There is no limitation period for the investigation of a criminal offence or laying of criminal charges under the Act. The Bureau’s investigation and subsequent prosecution by the PPSC often take years. However, once criminal charges are filed, the PPSC has 30 months from the date the charges are filed to get to the end of trial (see R v Jordan, 2016 SCC 27). Failure to do so triggers a presumption that the delay was unreasonable, which will lead to a stay of proceedings, unless exceptional circumstances justify it. To date, bid-rigging charges in one domestic case have reportedly been abandoned because the presumptive ceiling was exceeded.

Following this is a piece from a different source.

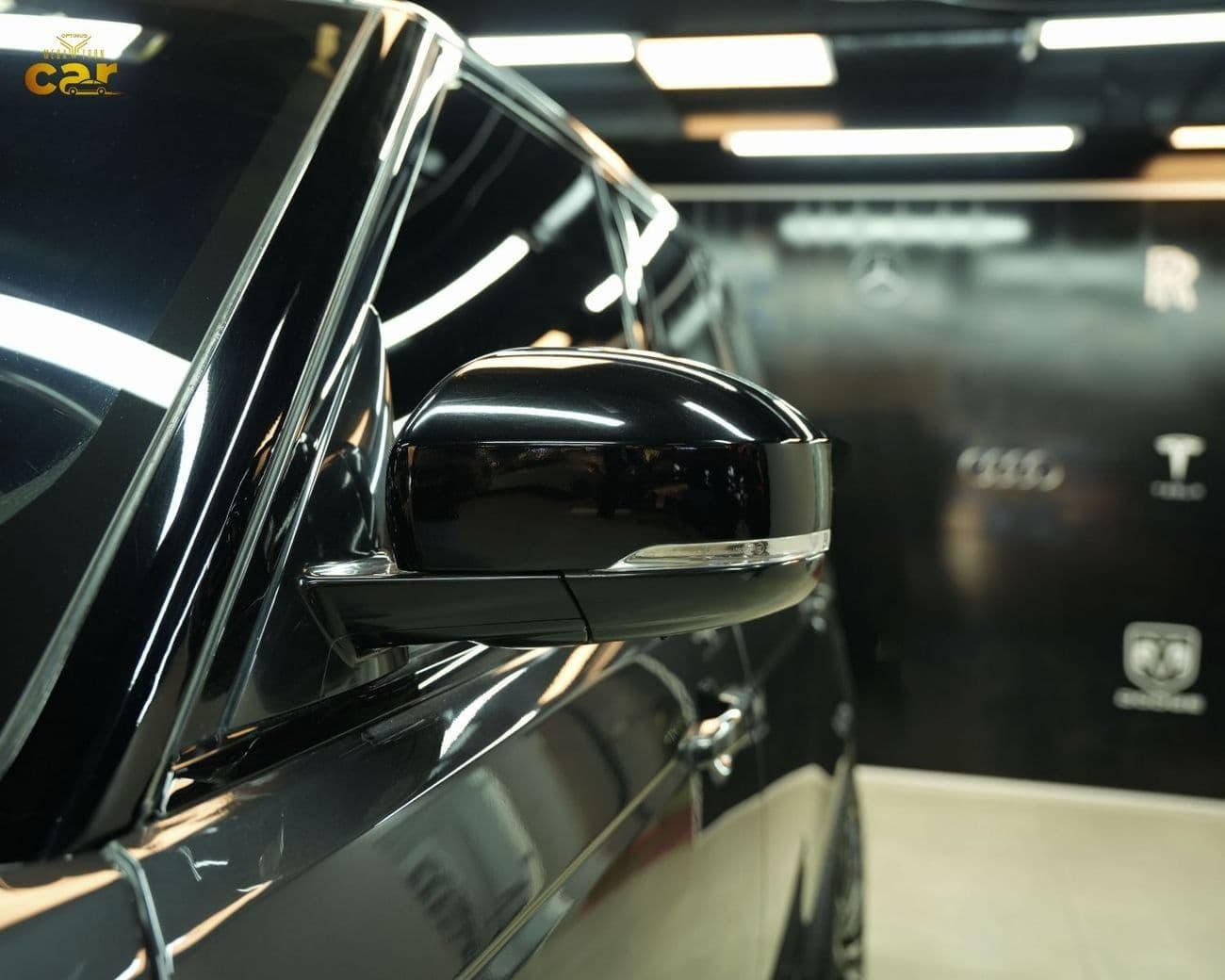 2019 Land Rover Range Rover VOGUE thumbnail 2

What are the key investigative powers that are available to the relevant authorities?
In accordance with section 15 of the Act, the Bureau can obtain search warrants and conduct raids. An application for an order under section 15 is heard ex parte. To obtain a search warrant, the Commissioner must establish that there are reasonable grounds to believe that a criminal offence has been or is about to be committed under the Act and that there is related information on the premises that will afford evidence with respect to the criminal offence.
The warrant allows Bureau officers to enter and search the premises, as well as to seize or copy the records and information that are the object of the warrant. Records are broadly defined and include all hardcopy and electronic records, including emails. While the Act specifies that a warrant may be executed anywhere in Canada, it is debatable whether the Bureau may also search the electronic data from foreign databases accessible from computers located in Canada.
Pursuant to section 11 of the Act, the Bureau can also obtain, on an ex parte basis, production orders, as well as orders for examinations under oath and for the delivery of a sworn written return of information. The judge must be satisfied that an inquiry is being made and that a person has or is likely to have information that is relevant to the inquiry. If so, the judge may issue the order.
Finally, in accordance with section 183 of the Criminal Code, the Bureau can obtain wiretap warrants, and intercept communications, when investigating cartel conduct.
On what grounds can legal privilege be invoked to withhold the production of certain documents in the context of a request by the relevant authorities?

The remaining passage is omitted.